Because Eckstein has represented that he intends to drop his wrongful termination claim, the court DISMISSES with prejudice Count Two. Further, for the reasons set forth herein, the court GRANTS Sonoco's motion and DISMISSES with prejudice Three, Four, and Five of the complaint.

I.

This action arises out of an employment dispute between Eckstein, a former Global Safety Manager for Display and Packaging, and his former employer, Sonoco, an international packaging producer. Compl., ECF No. 1-1 at 1-3. Eckstein was employed with Sonoco from approximately March 5, 2018, until May 2, 2019. Id. at 1. During his tenure with Sonoco, Eckstein reported to Max Dillon, Director of U.S. Fulfillment, and was a peer of Jeff Tedder, Director of Manufacturing for the company's facilities in Winston-Salem, North Carolina, and York, Pennsylvania. Id. Eckstein's job involved regular visits to both locations. Id.

On October 3, 2018, Eckstein was visiting the Winston-Salem plant and, while discussing an OSHA compliance issue with his co-worker, was approached by Tedder. Eckstein alleges Tedder said: "Typical safety people. Standing around doing nothing. Get out on the floor." Id. at 3. Eckstein allegedly tried to correct what he perceived as Tedder's erroneous perception of his work ethic. Id. He claims that, in response, Tedder forcefully smacked Eckstein's rear with an open hand, causing Eckstein "physical injury, to-wit, redness, swelling, soreness, and bruising." Id. Eckstein states he told Tedder "to never touch him again," to which Tedder responded, "[d]on't say something you're going to regret, boy." Id.

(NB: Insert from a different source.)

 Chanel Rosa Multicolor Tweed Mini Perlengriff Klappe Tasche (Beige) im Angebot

Eckstein says he was shocked and reported the incident to the Winston-Salem police. Id. Eckstein claims he learned Tedder had a history of similar assaults on other coworkers and that the behavior was tolerated by Sonoco. Id. at 4. Eckstein indicated he reported the incident to Max Dillon, his supervisor, and Karyn Parker, a Human Resources employee. Id. Sonocoallegedly did not follow up after his initial complaint, did not discipline Tedder, and refused to provide Eckstein with reports or information about any investigation on his formal complaint. Id. Eckstein claims Dillon pressured him to continue working with Tedder in the future and that Sonoco did not offer him any alternative accommodations. Id.

After learning of the complaint, Tedder allegedly told Eckstein, "I hope you come back to work, Craig," which Eckstein perceived as a threatening statement. Eckstein claims Parker conceded that Tedder's communication was inappropriate. Id. at 5.

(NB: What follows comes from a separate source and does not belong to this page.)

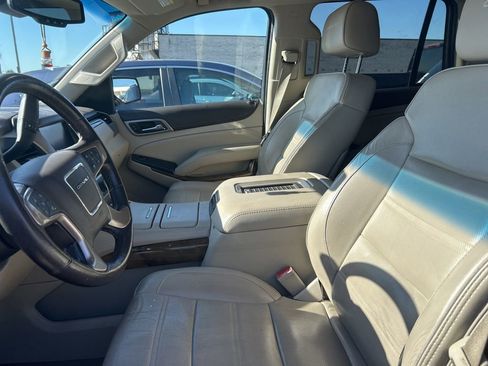 Used 2016 GMC Yukon Denali w/ Open Road Package AWD/4WD image 11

In January 2019, Eckstein conducted several routine visits to Sonoco facilities, during which he discovered "that untrained, unqualified employees were performing electrical work and entering live electrical cabinets," that managers were aware of this "long-standing practice," and that managers were lying about OSHA compliance in documents. Id.

Eckstein began to file formal reports about these discoveries, which, though initially encouraged, eventually became the source of conflict. Id. at 6. He claims management became angered by his decisions and that "false and retaliatory" reports were filed against him by Sonoco employees. Id. at 6. Eckstein claims these same employees collaborated with Tedder, who orchestrated a plan to get Eckstein fired. Id. at 6-7.

Eckstein was fired on May 2, 2019. Id. at 7. When informed about his termination, Eckstein provided a verbal rebuttal but was never provided a copy of the complaint against him, despite requesting a copy several times. Id. Sonoco claims Eckstein was terminated for being "difficult to deal with" and having "damaged [his] relationship [with Tedder]." Id. However, Eckstein claims he had consistently met the expectations of his employer and that this termination is retaliatory. Id.

II.

As a preliminary matter, the court must decide which body of law governs Eckstein's tort claims. At the hearing on October 22, 2020, the court questioned the parties about the applicability of the VWCA to an injury that occurred in North Carolina during the course of Eckstein's employment. At the time of the hearing, neither party had disputed the statute's applicability. Eckstein filed a complaint with the Virginia Department of Labor under VOSHA to exhaust his administrative remedies and filed this action in Virginia. ECF No. 1-1 at 8. Sonoco has consistently argued the VWCA applies. Even Eckstein's opposition to Sonoco's motion to dismiss does not dispute the applicability of the VWCA to Eckstein's and Sonoco's employment relationship generally but argues it does not cover the conduct alleged. The court ordered the parties to file supplemental briefing to demonstrate that the VWCA applied to the conduct at issue.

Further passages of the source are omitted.